(Web page caption snippets)
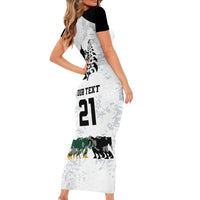 Custom New Zealand South Africa Rugby Short Sleeve Bodycon Dress History Commemorative World Cup Winners Unique LT9 - Polynesian Pride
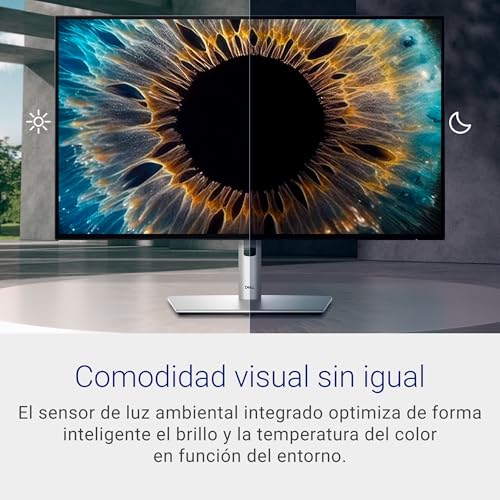 Dell U2724DE UltraSharp Thunderbolt 27" QHD (2560x1440) Monitor, 120Hz, IPS Black, 5ms, 98% DCI-P3, 2x Thunderbolt, 2x USB-C, 2x DisplayPort, HDMI, 4x USB, RJ45, 3 Años de Garantía, Plata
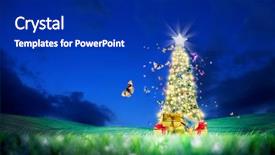  Presentation with christmas tree - Slide set featuring christmas tree on green landscape background and a royal blue colored foreground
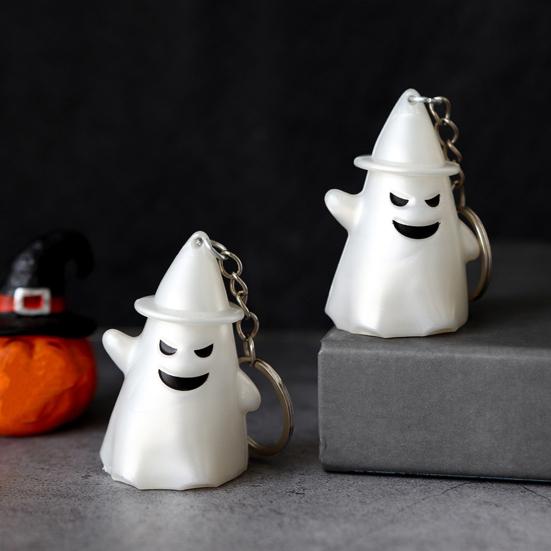 Брелок для ключей с привидением на Хэллоуин со светящимся брелоком-призраком, цветное ожерелье с подсветкой, аксессуары для привидения на Хэллоуин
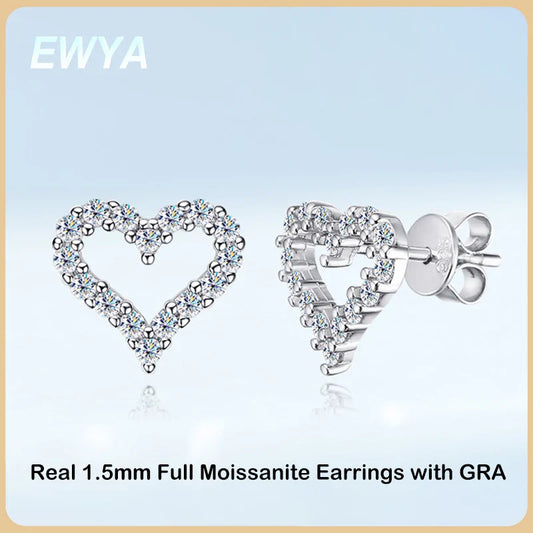 Valentines Gifts For Her Moissanite Stud Earrings 925 Sterling Silver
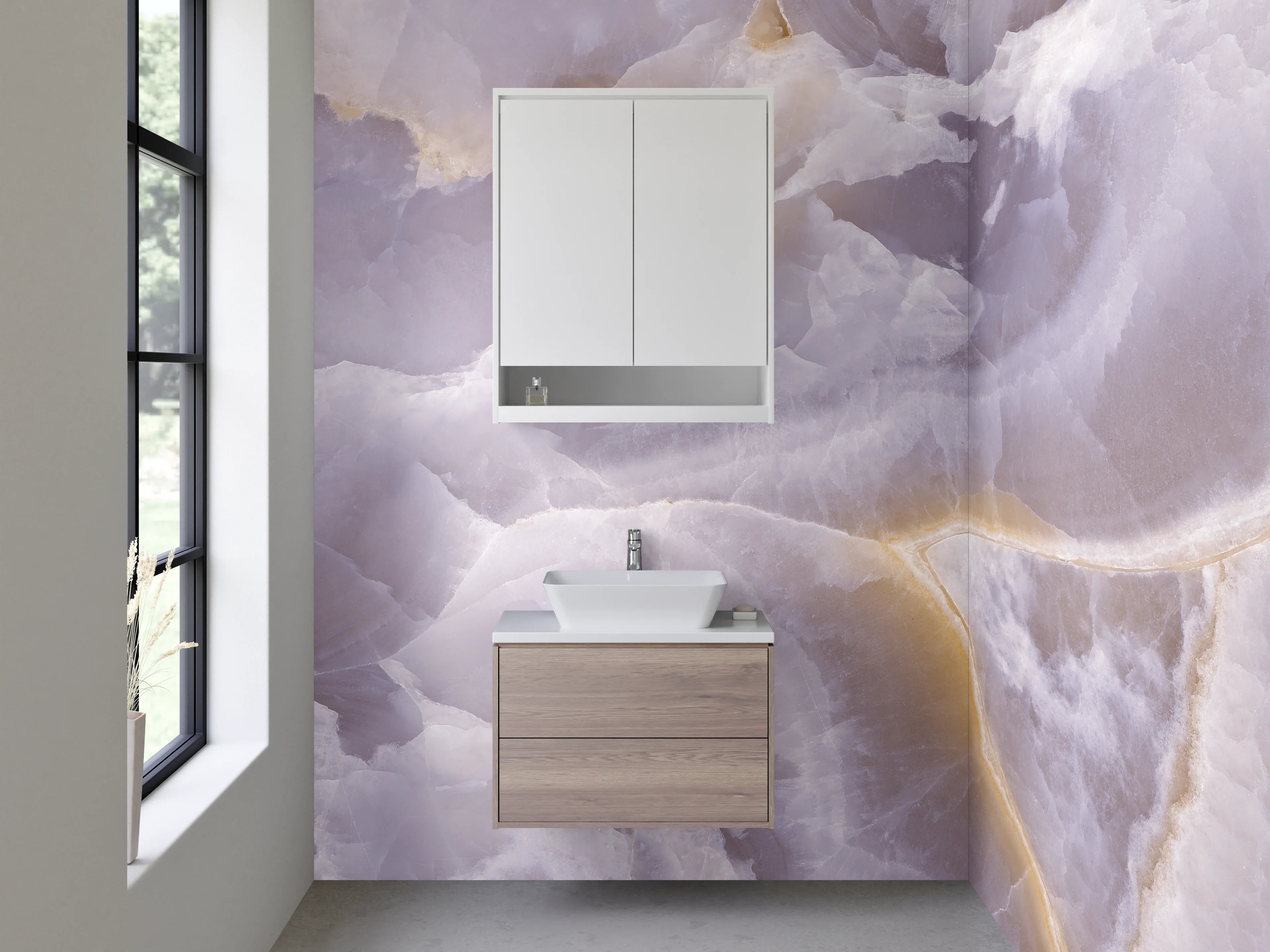 Waschbecken-Rückwand - Eleganter Onyx-Marmor in Pastell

(GOAL OF THE EXERCISE):
Precisely the lines from the one containing "Dell U2724DE UltraSharp" to the end of the data above, both included, should be printed; leave the pictures out.

(WRITTEN REPLY):
 Dell U2724DE UltraSharp Thunderbolt 27" QHD (2560x1440) Monitor, 120Hz, IPS Black, 5ms, 98% DCI-P3, 2x Thunderbolt, 2x USB-C, 2x DisplayPort, HDMI, 4x USB, RJ45, 3 Años de Garantía, Plata
  Presentation with christmas tree - Slide set featuring christmas tree on green landscape background and a royal blue colored foreground
 Брелок для ключей с привидением на Хэллоуин со светящимся брелоком-призраком, цветное ожерелье с подсветкой, аксессуары для привидения на Хэллоуин
 Valentines Gifts For Her Moissanite Stud Earrings 925 Sterling Silver
 Waschbecken-Rückwand - Eleganter Onyx-Marmor in Pastell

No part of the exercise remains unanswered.